Posted on August 11, 2012 by Deaditor No Comments


Review by Eric Lefenfeld

Editorial note: This special review is from the Weird Wednesday screening of The Psycho Lover, at the Alamo Drafthouse in Austin, TX, where writer/director Robert Vincent O’Neill was in attendance.

Everything’s coming up golden for Dr. Kenneth Alden. He’s riding high on a successful psychology career and indulging in the perks that come with such prestige — namely a sleek boat, a futuristic (for 1970) car, and a comely 22 year-old mistress, Stacey, with whom Alden would like to make things legitimate. One problem, though: Dr. Alden’s wife is fully aware of his infidelity, and the scorned woman isn’t going to be letting go of him anytime soon — at least not willingly. Enter Marco, under investigation by the police for a series of brutal stranglings. Alden’s been aiding the interrogation through the use of hypnotic suggestion. A seemingly innocent conversation about The Manchurian Candidate plants a seed in Alden’s head, though, and he decides to use Marco’s hypnotic susceptibility to his own sinister advantage.

The Psycho Lover is one of countless low-budget sex thrillers that were the bread and butter of drive-in culture. History is littered with the filmic ghosts of gratuitous violence, questionable music cues, and bare-breasted go-go dancers. Does this one stand out from the pack? The answer is a resounding yes, thanks to above average proficiency both in front of and behind the camera.

To clarify, the film bears the hallmarks of low budget 70s filmmaking, warts and all.
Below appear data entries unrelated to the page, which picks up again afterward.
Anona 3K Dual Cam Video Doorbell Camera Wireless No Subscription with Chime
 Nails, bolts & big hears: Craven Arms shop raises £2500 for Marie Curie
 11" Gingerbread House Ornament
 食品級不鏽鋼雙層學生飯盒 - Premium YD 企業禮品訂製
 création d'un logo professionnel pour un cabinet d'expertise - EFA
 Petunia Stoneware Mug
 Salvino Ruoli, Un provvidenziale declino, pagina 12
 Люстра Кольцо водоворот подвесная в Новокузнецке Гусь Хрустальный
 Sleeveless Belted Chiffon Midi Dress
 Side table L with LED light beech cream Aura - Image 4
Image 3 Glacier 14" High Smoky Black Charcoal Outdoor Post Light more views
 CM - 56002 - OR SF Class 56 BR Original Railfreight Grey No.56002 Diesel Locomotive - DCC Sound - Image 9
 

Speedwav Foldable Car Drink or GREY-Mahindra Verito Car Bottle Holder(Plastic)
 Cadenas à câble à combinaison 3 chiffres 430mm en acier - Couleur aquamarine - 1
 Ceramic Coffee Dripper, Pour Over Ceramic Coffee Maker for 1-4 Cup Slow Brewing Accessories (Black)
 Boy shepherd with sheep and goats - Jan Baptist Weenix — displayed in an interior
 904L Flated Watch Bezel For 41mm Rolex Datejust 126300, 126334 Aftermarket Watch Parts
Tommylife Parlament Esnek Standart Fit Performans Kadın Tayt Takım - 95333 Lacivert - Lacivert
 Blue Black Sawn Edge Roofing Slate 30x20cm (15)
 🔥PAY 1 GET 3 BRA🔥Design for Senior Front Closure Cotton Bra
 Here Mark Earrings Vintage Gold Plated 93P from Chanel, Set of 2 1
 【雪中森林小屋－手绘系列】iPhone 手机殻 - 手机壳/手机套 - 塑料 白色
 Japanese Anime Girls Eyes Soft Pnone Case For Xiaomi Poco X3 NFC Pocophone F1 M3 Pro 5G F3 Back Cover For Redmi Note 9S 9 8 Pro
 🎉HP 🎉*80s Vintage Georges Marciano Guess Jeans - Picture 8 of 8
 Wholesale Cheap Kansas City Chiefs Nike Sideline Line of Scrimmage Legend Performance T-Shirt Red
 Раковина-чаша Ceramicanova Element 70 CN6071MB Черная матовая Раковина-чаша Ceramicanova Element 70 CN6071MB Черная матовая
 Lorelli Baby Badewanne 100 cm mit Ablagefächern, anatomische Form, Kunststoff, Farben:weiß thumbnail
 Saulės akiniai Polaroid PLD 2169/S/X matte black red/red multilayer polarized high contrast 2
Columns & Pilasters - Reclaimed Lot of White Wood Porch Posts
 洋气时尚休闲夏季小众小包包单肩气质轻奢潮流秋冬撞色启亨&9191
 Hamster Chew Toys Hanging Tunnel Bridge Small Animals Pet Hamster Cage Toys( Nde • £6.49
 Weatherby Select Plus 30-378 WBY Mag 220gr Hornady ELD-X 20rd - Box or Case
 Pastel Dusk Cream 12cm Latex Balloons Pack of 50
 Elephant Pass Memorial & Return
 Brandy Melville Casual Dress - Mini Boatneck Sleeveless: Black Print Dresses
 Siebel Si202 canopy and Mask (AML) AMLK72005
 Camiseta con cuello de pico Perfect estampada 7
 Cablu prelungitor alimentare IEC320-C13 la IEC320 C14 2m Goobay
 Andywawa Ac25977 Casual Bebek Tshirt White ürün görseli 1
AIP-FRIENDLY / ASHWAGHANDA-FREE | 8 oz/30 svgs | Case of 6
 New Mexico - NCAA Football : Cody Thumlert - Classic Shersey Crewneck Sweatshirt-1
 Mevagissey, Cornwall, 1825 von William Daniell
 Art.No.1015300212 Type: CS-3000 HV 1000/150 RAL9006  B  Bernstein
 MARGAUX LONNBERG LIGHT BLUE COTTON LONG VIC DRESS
There are several long-winded sequences of blatant filler, namely the ones in which Alden cavorts with Stacy, first on a grass-sledding date (you read that correctly), then in a sculpture garden, and then in a couple of sex scenes. None of it really goes anywhere, but it’s a pleasure to watch, nonetheless. There’s an invigorating sense that writer/director Robert Vincent O’Neill is just throwing all of his creative weight at the wall and hoping everything sticks. “Oh, we have access to a ridiculous looking car with remote controlled doors? Sure, let’s throw it in. Should we be worried that we’re ripping off the plot of The Manchurian Candiate? It’s okay. Just have the characters themselves reference the movie.” And so on.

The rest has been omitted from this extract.